Bubba Watson already has achieved more than he ever imagined. Two green jackets from the Masters. A World Golf Championship title in Shanghai. Six victories on the PGA Tour. And now he has raised the bar on what he hopes to accomplish before he's finished.
It doesn't sound like much, not compared with 79 wins by Tiger Woods, or Sam Snead's record of 82. Not even compared with 20 wins by Davis Love III.
"The global game makes it harder to win," Watson said after winning the HSBC Champions. "Ten wins for me personally, and any young player, that's the first goal. Because that number 10, we don't talk about it enough. Everybody in the field is so talented."
There was a time when 10 victories was good, but not even close to great.
The PGA Tour awards a lifetime exemption for 20 wins. Four active players on the PGA Tour have at least 20 victories — Woods, Phil Mickelson (42), Vijay Singh (34) and Love. But there are 33 others from previous eras who are in the 20-win club.
Maybe it's time to lower the bar.
"I think if you get to double digits," Hunter Mahan. "How many guys have that?"
It's not that long of a list. Ernie Els has 19 and Jim Furyk has 16. David Toms and David Duval are at 13 as they wind down their careers. Steve Stricker and Justin Leonard are at 12, while Zach Johnson and Adam Scott have won 11 times.
Rory McIlroy has nine wins on the PGA Tour, all against the strongest fields. Projections for Boy Wonder are higher, and they should. be. He's special, one of those players who come along every other generation or so.
As for the rest of them?
Maybe there's too much money in golf — 50 players earned more money in 2014 than Arnold Palmer did in his career — and it lessens the motivation to win. There was a time not long ago when it was harder to win because Woods wasn't leaving much for anyone else.
The more reasonable explanation is that these guys really are good. And there are more of them than ever before.

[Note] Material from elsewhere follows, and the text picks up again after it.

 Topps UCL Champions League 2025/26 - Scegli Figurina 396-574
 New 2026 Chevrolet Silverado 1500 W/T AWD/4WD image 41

"It's hard to see a 40-time winner on tour now, isn't it?" said Geoff Ogilvy, who has eight career wins. "As good as (Jordan) Spieth is, 40 times! That's two times a year for 20 years. So there's less of that. The golf is better. But the winning, the piling up wins, there's less of that."
Fred Couples was inducted into the World Golf Hall of Fame with only 15 wins and one major. Mark O'Meara will be inducted this summer with a slightly better record — 16 wins and two majors. Can Furyk be that far behind with his 16 victories and U.S. Open title? And while money is not a great measure with inflation and TV money, Furyk's $60 million in career money trails only Woods, Mickelson and Singh.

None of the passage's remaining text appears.